Every record below must be written out exactly. Leave out the pictures.

[Records contained in a dataset]

[Start of Attachment]

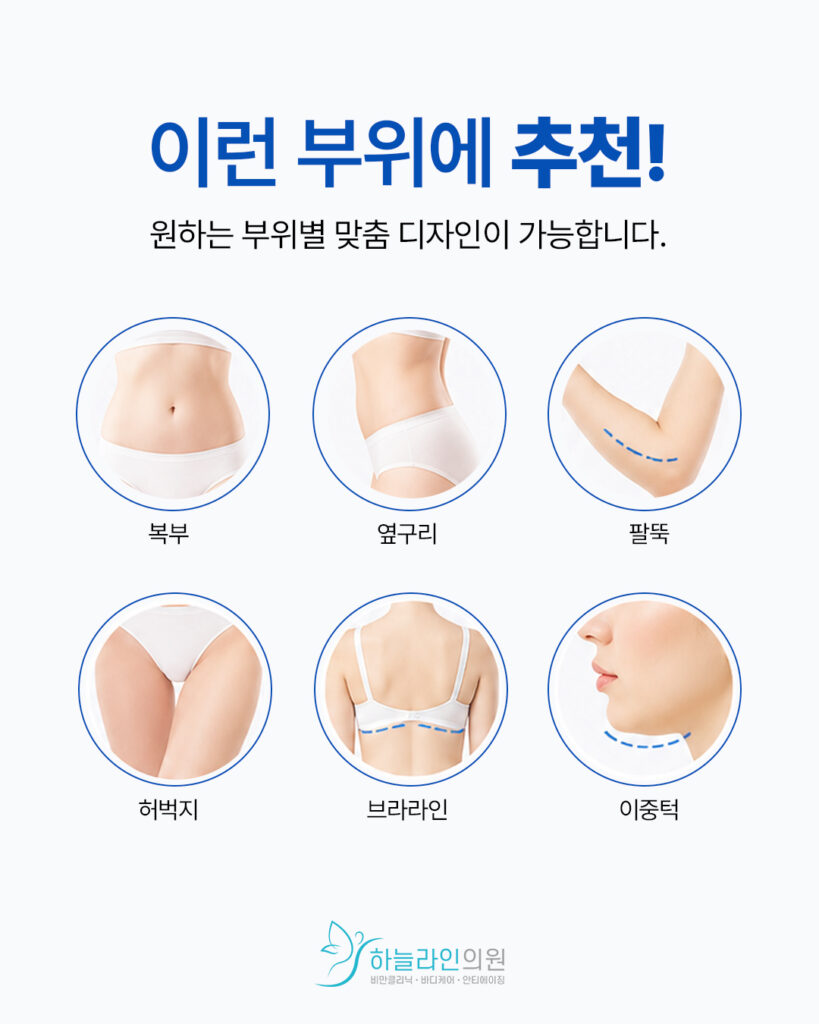 지방파괴주사 대상부위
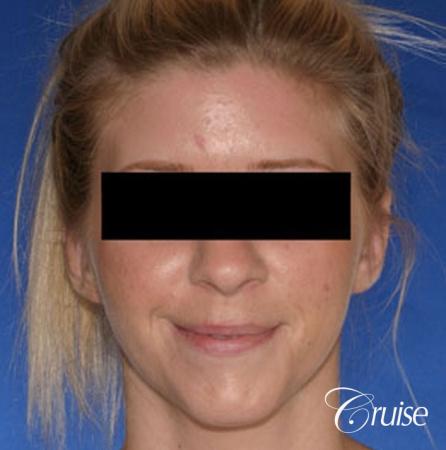 best otoplasty photos by top plastic surgeon - After Image 1
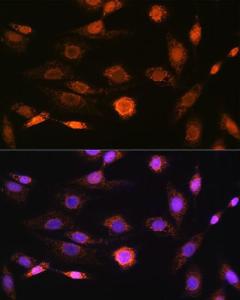 Immunofluorescence analysis of NIH-3T3 cells using Anti-CAMKIV Antibody [ARC1506] (A305710) at a dilution of 1:100 (40x lens) DAPI was used to stain the cell nuclei (blue)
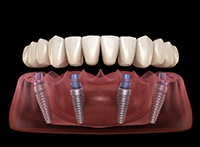 Illustration of implant denture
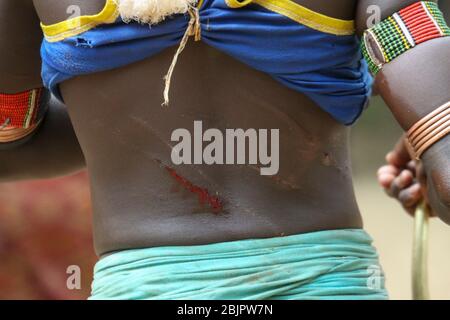 Die rohen Narben auf dem Rücken einer Hamar-Frau, nachdem sie bei einer Zeremonie zum "Springen des Stiers" gepeitscht wurde. Fotografiert im Omo River Valley, Äthiopien Stockfoto
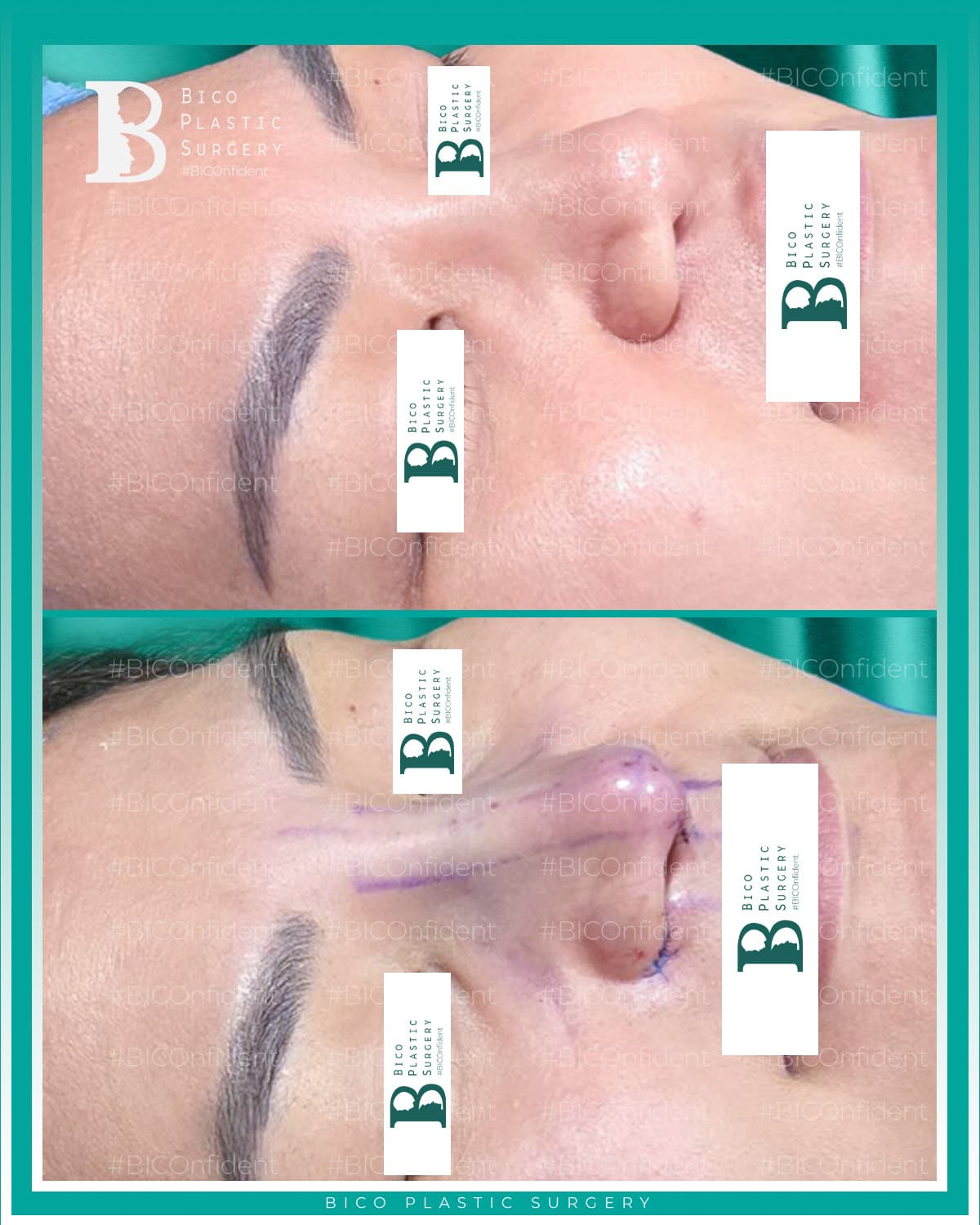 Rhinoplasty Result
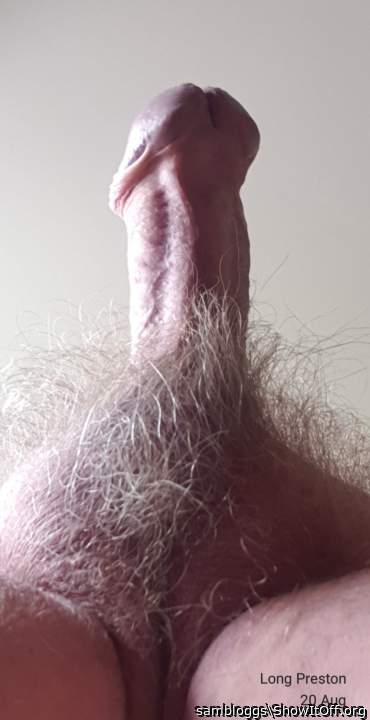 Photo of a penis from sambloggs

[End of Attachment]

• [REPLY]
 지방파괴주사 대상부위
 best otoplasty photos by top plastic surgeon - After Image 1
 Immunofluorescence analysis of NIH-3T3 cells using Anti-CAMKIV Antibody [ARC1506] (A305710) at a dilution of 1:100 (40x lens) DAPI was used to stain the cell nuclei (blue)
 Illustration of implant denture
 Die rohen Narben auf dem Rücken einer Hamar-Frau, nachdem sie bei einer Zeremonie zum "Springen des Stiers" gepeitscht wurde. Fotografiert im Omo River Valley, Äthiopien Stockfoto
 Rhinoplasty Result
 Photo of a penis from sambloggs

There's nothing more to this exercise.